After he'd been there for a time and managed to
    save some money, he brought over his son, my father. After my father started
    working, he brought over 15 or 20 of his relatives, half-brothers and
    village "brothers" [men from the same village, therefore with the
    same last name]. There was no other kind of work, so they were sawing wood
    for a lumber company for 25 cents a cord. They'd each cut maybe 2 cords a
    day, 3 if they were fast, so they made 50 to 75 cents a day and that was
    good money.
    
Then the government expropriated my grandfather's
    land because he didn't know how to pay taxes. It was at the time when they
    were looking for ways to develop the harbour and they found that the water
    was deepest at the foot of this street, so it would make good facilties for
    big ships. So then they came and asked him if he had paid his taxes and his
    question was, "Taxes? What's taxes?" They said, "Old man,
    that land's worth lots of money. If you build a house on it you've got to
    make lots of money to pay the taxes. That's too bad." They bought him
    out for $200. So he killed off all his pigs and chickens and sold them and
    went back to China. My father stayed here cutting wood, and then later on he
    became a gardener working for a different household each day of the week.

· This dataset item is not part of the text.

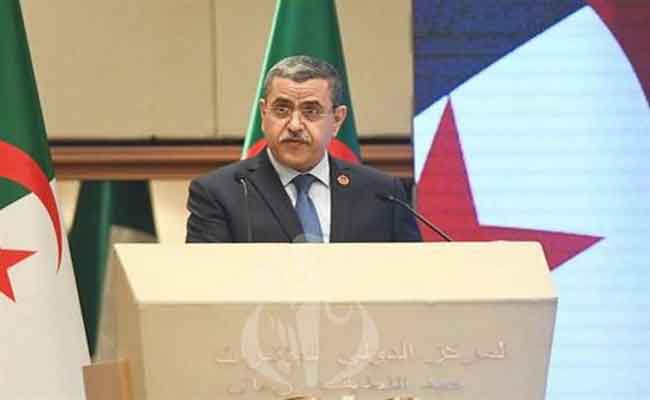 جراد يؤكد ان الإرتكاز على الرقمنة لبناء الاقتصاد “خيار استراتيجي”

    That's how he met his wife, because she was working for one of them.
    
SHIRLEY CHAN: My grandmother had come over in 1907
    when she was 12 or 13. She came as a housekeeper and babysitter for a
    business family who lived in Chinatown. She wasn't allowed to go out, she
    wasn't allowed to even go downstairs to the store, because girls, as soon as
    they became mature, were not supposed to be in the company of men.
    
MARY CHAN: She married my father in 1913 when she
    was 19. By that time she was working in a house on Slocan Street which that
    same family owned. They gave it to my parents as a place to live in and
    that's where I was born 3 years later. Chinatown then was very dilapidated.
    There was a knitting mill and a Chinese bakery, I remember. The streets were
    unpaved and it got very muddy when it rained. My brother and I would go and
    play on boards in the street, one of us would stand at one end and the other
    would get on the other end and the water would be flying and the mud would
    be flying-we had a great time. But I got my dress dirty up to my neck and my
    mother spanked me afterwards. Up on Slocan Street, it was all trees, all
    forest. I was afraid to go to school because the kids would beat me up.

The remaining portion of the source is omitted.